32. on October 19, 2015 at 7:56 pm | Reply Boels

    How could renewables provide for an uninterrupted energy supply on demand without backup from fossil or nuclear?
    I know the stories of magic batteries that last forever and I like science fiction up to the point it becomes science friction.

    
    
    • on October 19, 2015 at 9:08 pm | Reply hypergeometric

      Proper use of models and stochastics:

      http://arxiv.org/abs/1402.2833

      Click to access HartIEEE2012.pdf

      
      
      • on October 19, 2015 at 9:49 pm DeWitt Payne

        I don’t think you actually read Hart, et.al. There’s nothing in it that says that renewables can supply 100% of the electric power demand without backup from conventional, i.e. fossil/nuclear, generators or storage. Models and stochastics will help manage the grid, but they can’t generate electricity. The wind may always be blowing somewhere, but you won’t necessarily have the capacity and transmission capability where the wind is blowing to supply the entire demand for a country as large as the US.

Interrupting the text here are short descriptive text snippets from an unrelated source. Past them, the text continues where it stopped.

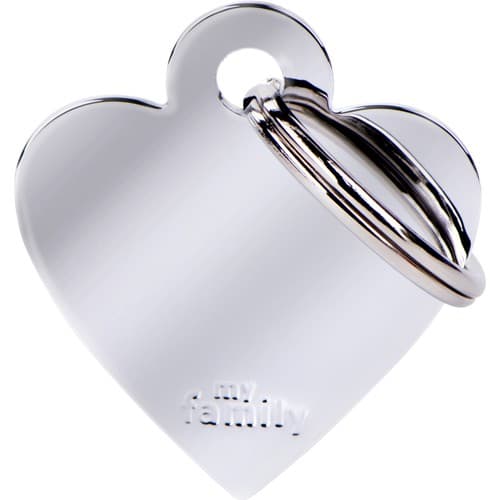 Myfamily Basic Hjerte ID tag aluminium - 37x32 mm - S?lv
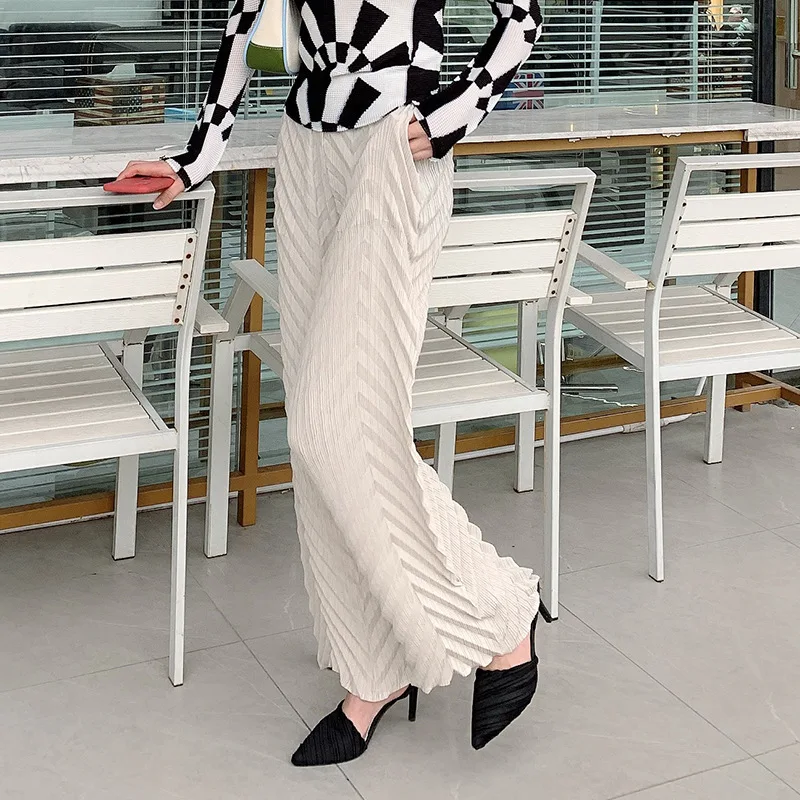 

Spring and summer loose straight casual pants women Miyake pleated pants high waist wide leg pants women's trousers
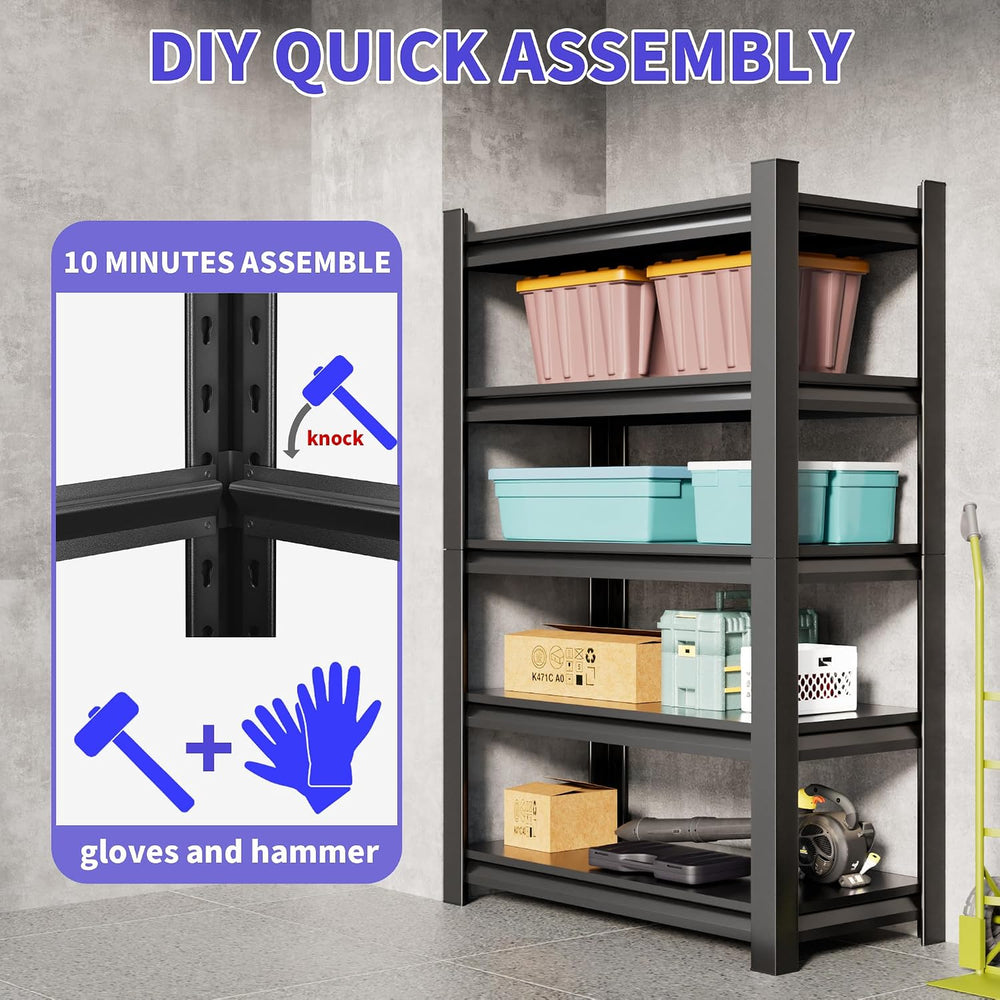Hzdbhd 40" W Garage Shelving Unit, 5-Tier Metal Storage Shelves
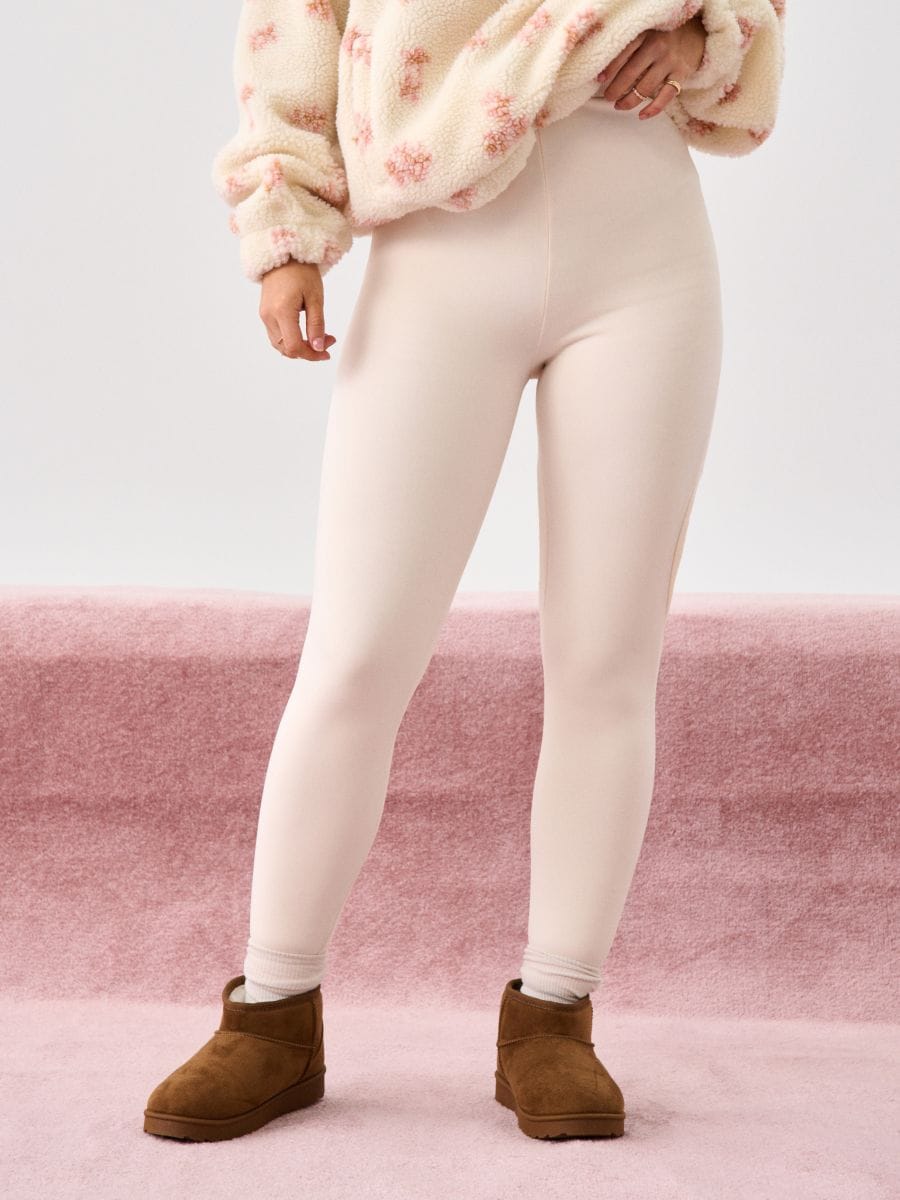 Colanți cu căptușeală din blană - nude - SINSAY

        Because of these dependencies, specific values for these metrics that have been determined by low- to moderate-penetration grid integration analyses cannot be directly extended to very high penetration scenarios, which may utilize updated conventional generator fleets and new operational strategies.[my emphasis]

        Storage is economically still in the pie-in-the-sky stage.

        
        
      • on October 19, 2015 at 10:01 pm hypergeometric

        And I don’t think you read Becker, Frew, Andresen, Zeyer, Schramma, Greiner, and Jacobson, which was the first reference and from 2014, not 2012. I offered Hart to back up some of the analysis done in Becker, et al. Hart is interested in emissions profiles, per http://www.sciencedirect.com/science/article/pii/S0960148111000371. The grand plan of 100% renewables is an argument that is it technically possible to do, not that the current economic structure can achieve it. The Becker, et al 2014 paper is a logical conclusion of the path that Jacobsen began with their 2009 exposition, https://web.stanford.edu/group/efmh/jacobson/Articles/I/susenergy2030.html

        
        
      • on October 19, 2015 at 10:58 pm Mike M.

        Hypergeometric,

        From the Becker et al. paper that you have kindly linked to: “The optimal storage energy capacity shown in Fig. 7b is around two to three months of average load”. So 2000 hours times an average load of 500 GW is one trillion kWh. At $500 / kWh, that is $500 trillion. Pure fantasy.

        
        
      • on October 20, 2015 at 12:52 am hypergeometric

        Reference for $500/kWh? And what is NUCLEAR cost/kWh, including everything, including at-market cost for insurance borne by the U.S. taxpayer?

        
        
      • on October 20, 2015 at 12:21 am DeWitt Payne

        And to reiterate: Electricity generation currently only accounts for 32% of CO2 emissions. Electric ground surface transportation will require a huge increase in carbon free generating capacity. Good luck with that.

        
        
      • on October 20, 2015 at 2:57 am Mike M.

        hypergeometric,

        “Reference for $500/kWh?”
        https://scienceofdoom.com/2015/10/07/renewables-xiii-one-of-winds-hidden-costs/#comment-107601
        https://scienceofdoom.com/2015/10/07/renewables-xiii-one-of-winds-hidden-costs/#comment-107679

        “And what is NUCLEAR cost/kWh, including everything, including at-market cost for insurance borne by the U.S. taxpayer?”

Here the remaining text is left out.